«Kluge Köpfe schützen sich.» Der Slogan hat sich auf den Skipisten augenscheinlich durchgesetzt: Behelmte Köpfe dominieren das Bild. Doch der gefühlte Schutz überwiegt den tatsächlichen je nachdem bei weitem.
Schutz mit Grenzen
Auf der Notfallstation des Inselspitals Bern landen viele Opfer von Schneesportunfällen. Chefarzt Aristomenis Exadaktylos hat festgestellt, dass die hohe Helmtrage-Quote keinen Einfluss auf die schweren Verletzungen hat. Schwere Hirnerschütterungen oder Hirnblutungen sind weiterhin ein Thema.
«Studien zeigen, dass ein Helm bei leichten, mittleren und mittelschweren Unfällen sehr wohl nützt.» Bei schweren Unfällen aber – etwa bei hoher Geschwindigkeit und Aufschlag auf Eis oder Felsen – sieht das anders aus. Da kommen andere Faktoren zum Tragen.
Problematische Drehbeschleunigung
Ein weiteres Problemfeld: Drehimpulse, denen der Kopf bei einem Sturz ausgesetzt ist. Othmar Brügger von der Beratungsstelle für Unfallverhütung erklärt, warum: «Bei einer schnellen Rotation wird das Gehirn mitbeschleunigt.

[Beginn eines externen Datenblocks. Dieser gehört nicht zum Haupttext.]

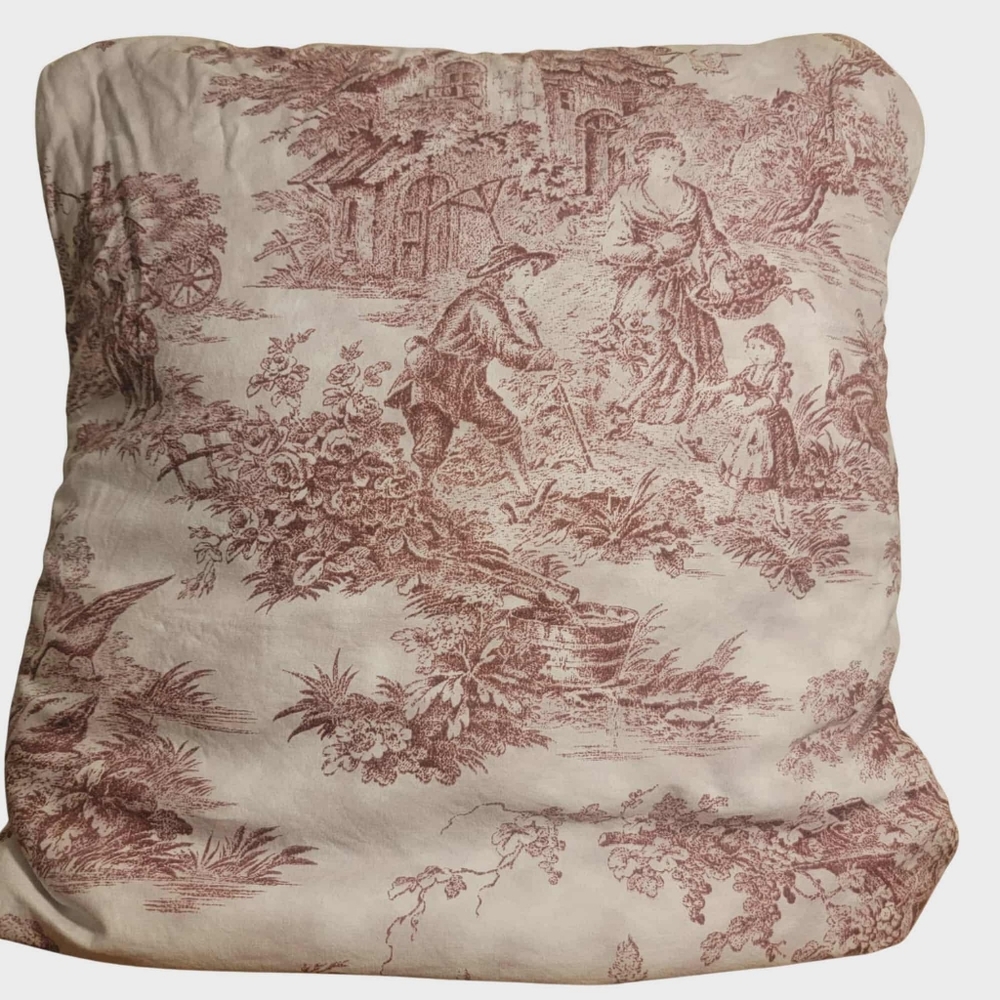 Vintage Toile de Jouy Quillow Pillow Quilt French Provencal 63"x39" Handmade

Das kann zu Verletzungen mit sehr schwerwiegenden, langwierigen Folgen führen.»
Bei Velohelmen soll eine neue Technologie davor besser schützen: MIPS, das «Multi Directional Impact Protection System». Es hat dieses Jahr auch bei den Skihelmen Einzug gehalten.
Bewegliche Innenschale
Der verbesserte Schutz beruht auf einer beweglichen Innenschale, die die Rotationsbewegung aufnimmt.
Testingenieur Patrick Isler von der DTC Dynamic Test Center AG erklärt: «Trägt man einen MIPS-Helm, bildet das bewegliche System quasi eine zweite Haut zwischen Kopf und Helm. Bei einem Unfall werden die entstehenden Rotationsimpulse nicht direkt auf den Kopf übertragen. Stattdessen kann sich der Helm um den Kopf herum bewegen.» Dadurch wird weniger Drehbewegung auf den Kopf übertragen, was das Verletzungsrisiko beim Unfall verringert.
Die Technologie wurde nun erstmals in der Schweiz unter Laborbedingungen getestet. Dabei wurde ein Aufprall des Kopfs auf eine schräge Fläche simuliert, wie er auch bei einem realen Sturz vorkommt. Was von blossem Auge kaum sichtbar ist, wird von den Messungen belegt: Bei MIPS wirken tatsächlich geringere Kräfte auf Kopf und Hals.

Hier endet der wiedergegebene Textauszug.